Photos Of Black Trump Supporters Are Fake News AF

Experts caution against the proliferation of digitally manipulated images and deepfake technology aimed at influencing Black voters, emphasizing the need for scrutiny and regulation.

In the latest example of Trump supporters engaging in a disinformation campaign, digitally manipulated images have proliferated across social media in a concerted attempt to get Black voters to vote for the likely Republican Party nominee, Donald Trump. 

As the BBC reports, even though there is nothing that ties the images directly to former President Donald Trump’s campaign, Cliff Albright, the co-founder of Black Voters Matter, a group encouraging Black people to participate in civics, says that they represent yet another attempt to sway voters using technology.

“There have been documented attempts to target disinformation to Black communities again, especially younger black voters,” Albright told the BBC. He also cautioned that the images were part of a “very strategic narrative” on the part of conservatives to influence the election. 

In 2016, when Trump won the presidential election, the worry was about foreign meddling by Russia via cyberattacks, but this time around experts caution that both foreign and domestic attacks could have an effect on the election’s outcome. 

This is mirrored by an anecdote in the BBC’s reporting, where it showed an image of Trump surrounded by Black voters created by artificial intelligence. Douglas, a Black taxi driver from Atlanta, was unable to discern that the image was fake and believed that Trump had large groups of Black supporters.

Once the ruse was revealed, Douglas remarked, “Well, that’s the thing about social media. It’s so easy to fool people.”

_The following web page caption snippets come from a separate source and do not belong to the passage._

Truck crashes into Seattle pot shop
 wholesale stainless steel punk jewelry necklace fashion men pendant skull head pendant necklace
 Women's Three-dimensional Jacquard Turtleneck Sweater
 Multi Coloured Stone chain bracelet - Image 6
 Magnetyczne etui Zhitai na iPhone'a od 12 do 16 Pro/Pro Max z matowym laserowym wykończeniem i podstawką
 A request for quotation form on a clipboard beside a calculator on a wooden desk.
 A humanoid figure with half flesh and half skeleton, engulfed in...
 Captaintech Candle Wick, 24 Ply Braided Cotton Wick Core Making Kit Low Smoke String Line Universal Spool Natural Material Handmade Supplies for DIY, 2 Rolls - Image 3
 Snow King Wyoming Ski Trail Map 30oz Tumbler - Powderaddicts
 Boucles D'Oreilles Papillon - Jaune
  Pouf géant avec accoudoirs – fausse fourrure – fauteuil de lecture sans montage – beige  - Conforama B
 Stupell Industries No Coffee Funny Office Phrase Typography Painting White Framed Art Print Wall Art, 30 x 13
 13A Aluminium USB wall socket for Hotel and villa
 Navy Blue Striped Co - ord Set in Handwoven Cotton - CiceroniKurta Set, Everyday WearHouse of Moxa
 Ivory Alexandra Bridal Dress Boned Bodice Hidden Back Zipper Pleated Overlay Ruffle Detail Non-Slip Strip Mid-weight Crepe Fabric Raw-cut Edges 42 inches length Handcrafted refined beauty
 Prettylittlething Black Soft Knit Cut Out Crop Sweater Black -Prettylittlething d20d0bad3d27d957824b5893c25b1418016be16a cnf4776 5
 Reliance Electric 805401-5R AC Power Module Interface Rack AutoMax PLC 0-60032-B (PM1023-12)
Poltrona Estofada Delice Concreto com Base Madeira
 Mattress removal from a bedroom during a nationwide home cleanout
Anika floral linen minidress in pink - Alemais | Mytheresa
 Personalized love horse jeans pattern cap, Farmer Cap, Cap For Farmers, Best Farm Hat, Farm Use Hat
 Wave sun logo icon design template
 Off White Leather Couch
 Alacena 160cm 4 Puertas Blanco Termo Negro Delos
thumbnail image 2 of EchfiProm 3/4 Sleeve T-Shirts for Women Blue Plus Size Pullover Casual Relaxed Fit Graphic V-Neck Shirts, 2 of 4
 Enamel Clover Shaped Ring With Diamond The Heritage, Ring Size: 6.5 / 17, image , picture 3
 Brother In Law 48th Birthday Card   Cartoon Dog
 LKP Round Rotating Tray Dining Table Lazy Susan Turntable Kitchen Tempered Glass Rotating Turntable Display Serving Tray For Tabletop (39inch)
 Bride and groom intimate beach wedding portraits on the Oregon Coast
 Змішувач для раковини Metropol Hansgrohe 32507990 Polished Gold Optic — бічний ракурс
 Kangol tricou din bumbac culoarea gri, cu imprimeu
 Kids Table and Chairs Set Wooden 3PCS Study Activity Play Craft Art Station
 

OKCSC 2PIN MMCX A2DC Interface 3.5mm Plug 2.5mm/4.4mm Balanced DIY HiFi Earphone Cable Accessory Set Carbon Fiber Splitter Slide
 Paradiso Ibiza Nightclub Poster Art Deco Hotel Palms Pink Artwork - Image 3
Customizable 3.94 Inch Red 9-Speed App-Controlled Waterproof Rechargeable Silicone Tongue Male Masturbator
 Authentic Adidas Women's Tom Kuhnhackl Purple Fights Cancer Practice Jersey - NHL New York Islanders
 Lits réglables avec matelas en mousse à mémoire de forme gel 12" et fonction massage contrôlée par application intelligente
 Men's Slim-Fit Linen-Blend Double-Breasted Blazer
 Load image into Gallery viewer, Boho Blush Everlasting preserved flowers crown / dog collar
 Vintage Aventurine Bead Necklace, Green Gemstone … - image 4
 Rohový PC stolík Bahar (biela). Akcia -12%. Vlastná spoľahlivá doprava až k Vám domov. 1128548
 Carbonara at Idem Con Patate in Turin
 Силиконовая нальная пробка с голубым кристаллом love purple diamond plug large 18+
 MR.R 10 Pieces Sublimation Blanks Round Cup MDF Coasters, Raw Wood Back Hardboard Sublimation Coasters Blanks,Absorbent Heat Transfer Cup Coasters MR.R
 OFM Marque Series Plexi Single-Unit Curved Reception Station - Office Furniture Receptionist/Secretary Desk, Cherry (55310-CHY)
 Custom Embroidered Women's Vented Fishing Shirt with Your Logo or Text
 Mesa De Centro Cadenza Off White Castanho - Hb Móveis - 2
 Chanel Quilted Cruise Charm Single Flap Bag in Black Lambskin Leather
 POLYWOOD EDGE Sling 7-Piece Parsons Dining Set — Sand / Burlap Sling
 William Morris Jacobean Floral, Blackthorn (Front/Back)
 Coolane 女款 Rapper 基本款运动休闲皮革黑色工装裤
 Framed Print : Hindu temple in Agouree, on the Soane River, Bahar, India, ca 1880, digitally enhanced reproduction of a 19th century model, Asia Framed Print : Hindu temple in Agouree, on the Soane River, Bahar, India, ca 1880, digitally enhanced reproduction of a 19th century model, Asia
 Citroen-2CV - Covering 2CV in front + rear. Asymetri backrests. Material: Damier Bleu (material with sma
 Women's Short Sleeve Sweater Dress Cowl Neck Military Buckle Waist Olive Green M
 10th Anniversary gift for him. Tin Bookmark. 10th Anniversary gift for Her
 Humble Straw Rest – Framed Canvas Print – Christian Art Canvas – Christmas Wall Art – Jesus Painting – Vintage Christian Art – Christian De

According to The Guardian, AI has already reared its head in this election cycle via a “deepfake” robocall using the voice of President Joe Biden to tell voters to stay at home. Lisa Gilbert, the executive vice president of Public Citizen, a group dedicated to federal and state regulation of AI in American politics, told the outlet that it doesn’t matter how many people were deceived, what ultimately matters is that the capability exists.

“I don’t think we need to wait to see how many people got deceived to understand that that was the point,” Gilbert said. “It could come from your family member or your neighbor and it would sound exactly like them.”

Gilbert continued, “The ability to deceive from AI has put the problem of mis- and disinformation on steroids.”

As NBC News reports, in the absence of federal policy on AI, some states are stepping in to fill the gap by proposing laws aimed at regulating AI by either banning or restricting how AI is used in political advertisements, but proposing such legislation does not mean that the bills will become law. If AI technology continues to outpace regulation, the 2024 presidential election could be largely contaminated by mis- and disinformation campaigns. 

As Thompson-Reuters points out, the lack of regulation in this key area leaves the political arena wide open to be exploited, as the “deepfake” robo call demonstrated. 

“Indeed, unregulated AI poses various risks, such as the spread of deep fake misinformation campaigns, extensive personal data collection, and employment disruption,” Allyson Brunette, Thompson-Reuters’ workplace consultant, wrote. “These potential harms fall under federal jurisdiction and encompass issues like unlawful discrimination in housing and employment, improper data collection practices, and harmful outcomes that endanger consumers.”